(Your assignment):
Check each line of the data below for the word "chatting". How many lines have it? Answer with the number alone.

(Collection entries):
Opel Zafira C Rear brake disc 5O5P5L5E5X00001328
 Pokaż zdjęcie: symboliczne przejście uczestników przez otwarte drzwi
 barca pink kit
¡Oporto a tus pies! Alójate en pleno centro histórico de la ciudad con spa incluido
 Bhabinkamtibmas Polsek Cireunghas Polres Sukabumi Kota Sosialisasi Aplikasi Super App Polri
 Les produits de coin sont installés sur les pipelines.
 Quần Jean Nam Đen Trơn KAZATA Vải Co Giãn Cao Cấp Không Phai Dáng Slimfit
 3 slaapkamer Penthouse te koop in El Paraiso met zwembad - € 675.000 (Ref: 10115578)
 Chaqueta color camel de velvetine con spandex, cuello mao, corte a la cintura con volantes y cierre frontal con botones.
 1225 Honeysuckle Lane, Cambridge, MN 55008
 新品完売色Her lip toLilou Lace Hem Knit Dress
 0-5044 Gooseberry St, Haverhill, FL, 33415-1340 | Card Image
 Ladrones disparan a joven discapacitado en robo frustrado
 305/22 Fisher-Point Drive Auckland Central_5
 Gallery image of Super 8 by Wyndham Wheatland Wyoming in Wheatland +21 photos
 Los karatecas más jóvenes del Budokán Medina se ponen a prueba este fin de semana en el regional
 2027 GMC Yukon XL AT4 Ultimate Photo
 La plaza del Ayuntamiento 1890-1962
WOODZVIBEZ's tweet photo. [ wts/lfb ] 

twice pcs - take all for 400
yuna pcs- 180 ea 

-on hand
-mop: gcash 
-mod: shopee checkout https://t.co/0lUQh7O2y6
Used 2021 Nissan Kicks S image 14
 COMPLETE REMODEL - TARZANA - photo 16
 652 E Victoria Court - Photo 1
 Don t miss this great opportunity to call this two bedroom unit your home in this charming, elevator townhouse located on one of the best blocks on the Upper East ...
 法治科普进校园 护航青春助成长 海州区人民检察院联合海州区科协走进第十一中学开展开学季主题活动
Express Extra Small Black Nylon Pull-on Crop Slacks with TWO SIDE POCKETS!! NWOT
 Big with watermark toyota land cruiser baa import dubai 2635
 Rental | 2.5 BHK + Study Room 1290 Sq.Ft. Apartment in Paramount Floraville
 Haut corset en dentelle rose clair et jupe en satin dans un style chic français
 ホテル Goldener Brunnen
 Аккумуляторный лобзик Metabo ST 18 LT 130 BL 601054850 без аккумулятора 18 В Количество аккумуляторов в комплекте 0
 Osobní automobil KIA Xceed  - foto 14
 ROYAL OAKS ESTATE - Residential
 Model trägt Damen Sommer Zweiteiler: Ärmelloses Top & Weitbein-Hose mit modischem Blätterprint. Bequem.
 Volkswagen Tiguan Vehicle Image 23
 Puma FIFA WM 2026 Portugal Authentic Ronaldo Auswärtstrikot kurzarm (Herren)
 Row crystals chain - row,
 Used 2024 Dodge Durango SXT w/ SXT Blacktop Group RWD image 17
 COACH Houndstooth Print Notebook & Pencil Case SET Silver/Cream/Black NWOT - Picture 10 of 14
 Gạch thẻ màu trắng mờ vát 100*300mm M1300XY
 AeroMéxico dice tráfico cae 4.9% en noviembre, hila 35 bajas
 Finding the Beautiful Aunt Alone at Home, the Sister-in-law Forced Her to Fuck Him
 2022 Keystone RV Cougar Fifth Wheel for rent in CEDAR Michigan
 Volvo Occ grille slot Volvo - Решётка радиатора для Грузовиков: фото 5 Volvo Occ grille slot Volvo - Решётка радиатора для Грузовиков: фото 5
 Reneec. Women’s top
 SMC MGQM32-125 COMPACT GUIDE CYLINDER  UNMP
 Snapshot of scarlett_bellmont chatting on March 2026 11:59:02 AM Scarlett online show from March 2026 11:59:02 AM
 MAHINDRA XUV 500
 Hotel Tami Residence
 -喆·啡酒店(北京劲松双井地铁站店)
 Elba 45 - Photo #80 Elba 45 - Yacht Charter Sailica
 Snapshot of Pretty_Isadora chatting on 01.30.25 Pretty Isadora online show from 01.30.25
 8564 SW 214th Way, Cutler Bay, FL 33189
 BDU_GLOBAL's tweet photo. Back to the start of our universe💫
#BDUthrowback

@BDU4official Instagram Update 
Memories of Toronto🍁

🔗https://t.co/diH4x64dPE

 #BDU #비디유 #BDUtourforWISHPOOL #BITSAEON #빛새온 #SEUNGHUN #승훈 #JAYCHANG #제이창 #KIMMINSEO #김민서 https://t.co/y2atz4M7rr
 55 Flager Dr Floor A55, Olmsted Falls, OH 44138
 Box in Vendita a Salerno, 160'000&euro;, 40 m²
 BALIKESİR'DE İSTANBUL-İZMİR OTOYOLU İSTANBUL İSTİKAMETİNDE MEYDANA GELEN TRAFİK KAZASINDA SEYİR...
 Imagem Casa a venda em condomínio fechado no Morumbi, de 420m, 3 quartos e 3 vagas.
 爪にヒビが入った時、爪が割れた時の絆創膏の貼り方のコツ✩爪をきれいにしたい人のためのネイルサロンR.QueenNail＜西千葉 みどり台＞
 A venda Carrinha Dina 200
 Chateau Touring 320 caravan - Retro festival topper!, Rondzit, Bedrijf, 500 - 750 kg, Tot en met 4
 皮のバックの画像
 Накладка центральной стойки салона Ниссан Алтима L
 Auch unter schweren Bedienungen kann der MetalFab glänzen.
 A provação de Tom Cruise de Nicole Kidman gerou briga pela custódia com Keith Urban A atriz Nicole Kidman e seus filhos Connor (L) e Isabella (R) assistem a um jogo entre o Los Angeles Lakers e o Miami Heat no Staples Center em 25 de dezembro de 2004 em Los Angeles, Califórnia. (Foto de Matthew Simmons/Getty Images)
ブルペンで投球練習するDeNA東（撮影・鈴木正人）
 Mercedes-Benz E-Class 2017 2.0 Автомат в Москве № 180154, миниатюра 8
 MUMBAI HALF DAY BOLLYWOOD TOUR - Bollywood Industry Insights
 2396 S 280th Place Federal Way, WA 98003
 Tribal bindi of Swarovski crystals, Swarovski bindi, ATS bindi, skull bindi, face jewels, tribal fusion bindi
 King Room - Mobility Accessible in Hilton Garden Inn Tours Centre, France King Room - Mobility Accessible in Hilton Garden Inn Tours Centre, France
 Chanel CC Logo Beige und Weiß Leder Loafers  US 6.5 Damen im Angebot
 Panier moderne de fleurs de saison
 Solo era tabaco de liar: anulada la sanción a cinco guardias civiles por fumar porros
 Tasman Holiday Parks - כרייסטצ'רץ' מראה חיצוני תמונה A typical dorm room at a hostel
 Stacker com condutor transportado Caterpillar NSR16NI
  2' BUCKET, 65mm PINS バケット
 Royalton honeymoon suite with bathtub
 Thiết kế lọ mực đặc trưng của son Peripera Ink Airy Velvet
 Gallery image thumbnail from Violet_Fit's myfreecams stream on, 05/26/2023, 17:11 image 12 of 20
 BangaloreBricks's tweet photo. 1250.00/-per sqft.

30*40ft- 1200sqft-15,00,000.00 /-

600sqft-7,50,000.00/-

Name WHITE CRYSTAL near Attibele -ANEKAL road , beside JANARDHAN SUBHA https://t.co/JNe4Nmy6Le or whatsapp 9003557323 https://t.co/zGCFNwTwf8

(Reply):
2